The 486 "assume not taken" strategy (also common in other in-order cores) is not a branch prediction mechanism as such. It can be interpreted as one (in that it's essentially equivalent to predicting all branches not taken), but first and foremost it's simply what happens when the instruction fetch stage just keeps going through memory sequentially unless redirected.
In other words, it's what naturally happens in a pipelined processor in the _absence_ of any intentionally designed branch prediction mechanism.

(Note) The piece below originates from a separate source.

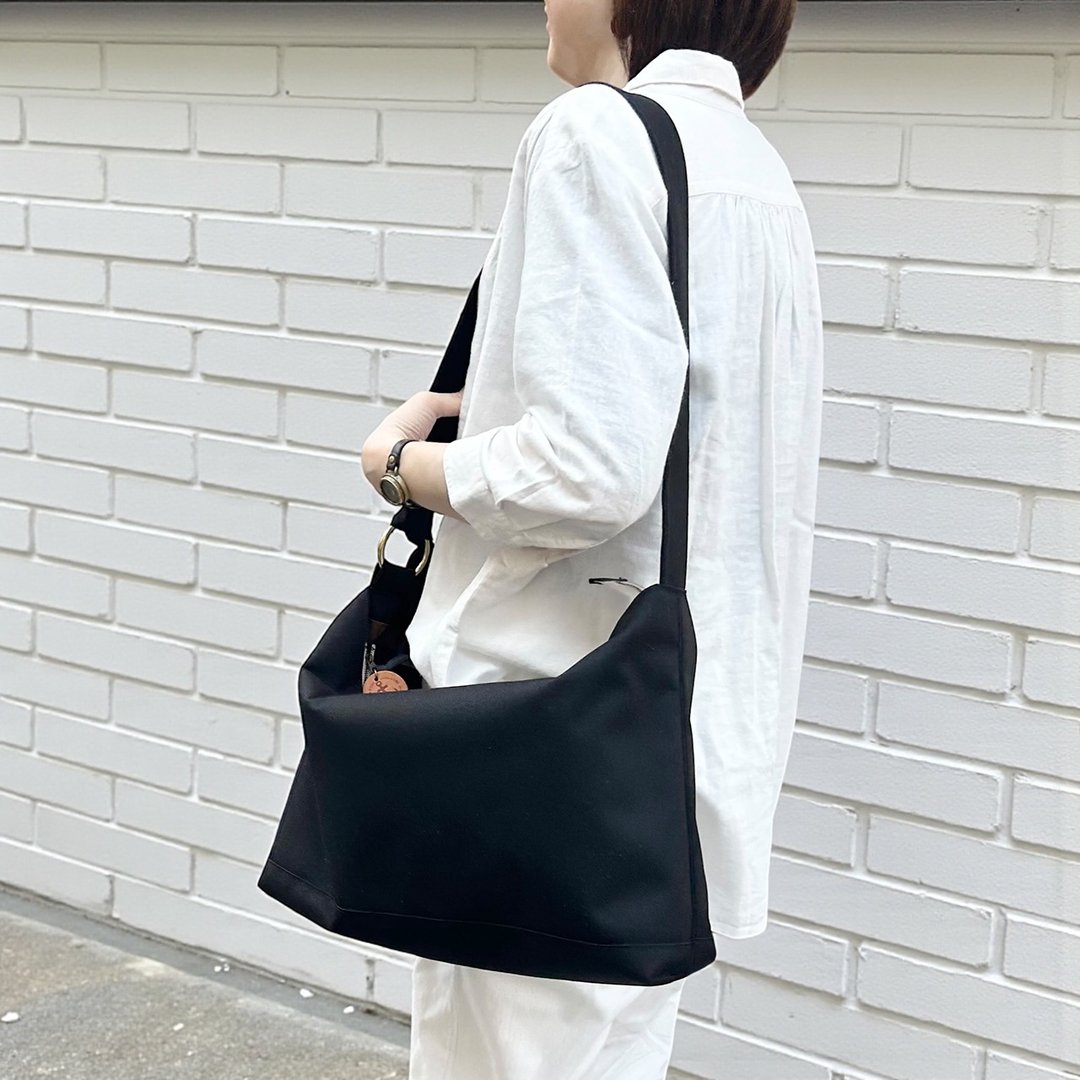 DRIFTER-M 黑色 拨水加工 CORDURA® 尼龙肩背包 - 侧背包/斜挎包 - 尼龙 黑色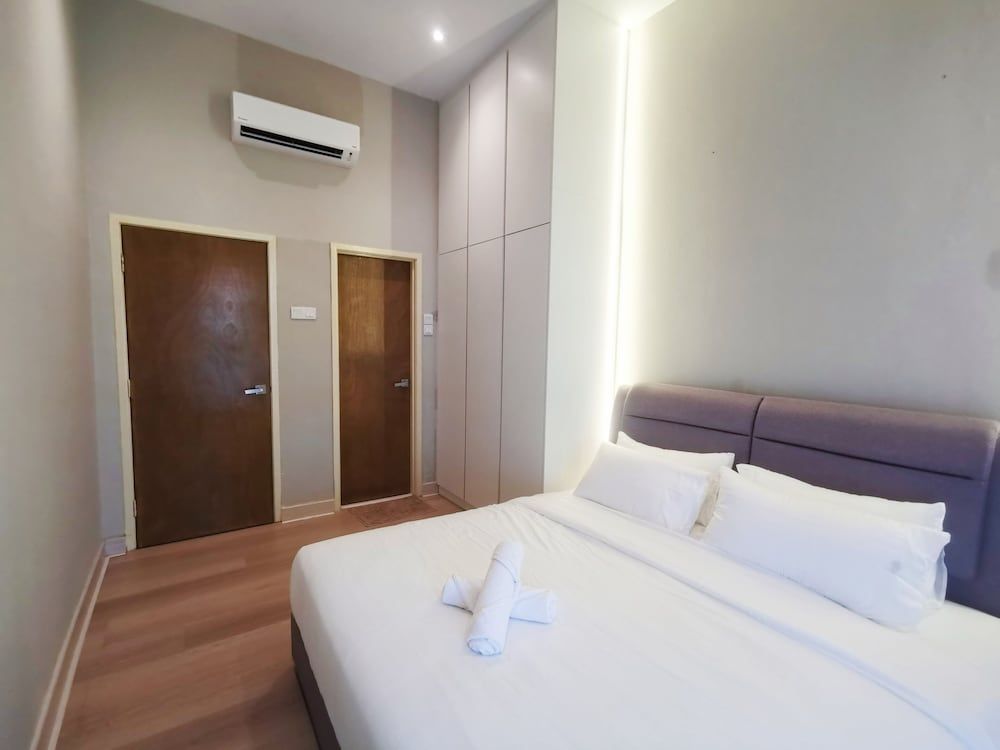 Setia Alam 58 by Manhattan Group House, 3 Bedrooms 13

As for static vs. dynamic prediction, to be making explicit static predictions, you actually need to know whether you have seen a given branch before, and many branch predictors don't! That is, they simply have no way to tell reliably whether a given branch history (or branch target) entry is actually for the branch it's trying to predict. The various branch prediction structures are mostly just bags of bits indexed by a hash code.
Now some do have a few tag bits that allow them to detect collisions, probabilistically with high likelihood anyway, but others don't. It's just a matter of whether the architects think it's worthwhile to spend the area on tag bits, or whether they have another thing they'd rather do that is a better trade-off for their target criteria.
Netburst (Pentium 4) is an anomaly, AFAIK because of the way the branch prediction interacts with the trace cache. Namely, I believe that branch history etc. in Netburst was kept at the trace level. For trace cache entries, unlike branch history/target entries, there is a well-defined moment when they're new, namely when they're initialized after a trace cache miss (trace cache miss detection _has_ to do full tagging and be precise for the CPU to work); that's an opportunity to set up the new trace with the static prediction heuristic, and also branch hints. [But I'm no expert on this, and I bet there are Intel folks on this list that could be more precise.]
Zooming out a bit, real designs don't generally have a single monolithic branch prediction mechanism; they have lots of them, in different places in the pipeline. Going roughly in pipeline order, some common mechanisms are:
1. Next I$ fetch line prediction. The address for the next instruction fetch needs to be determined before the current fetch even completes, for there to be no bubbles.
2. Early branch target prediction (indexed by instruction fetch address); instruction fetch is usually multiple cycles, and again you need to know the likely address to fetch next before you've even seen any instruction bytes or know where branches are!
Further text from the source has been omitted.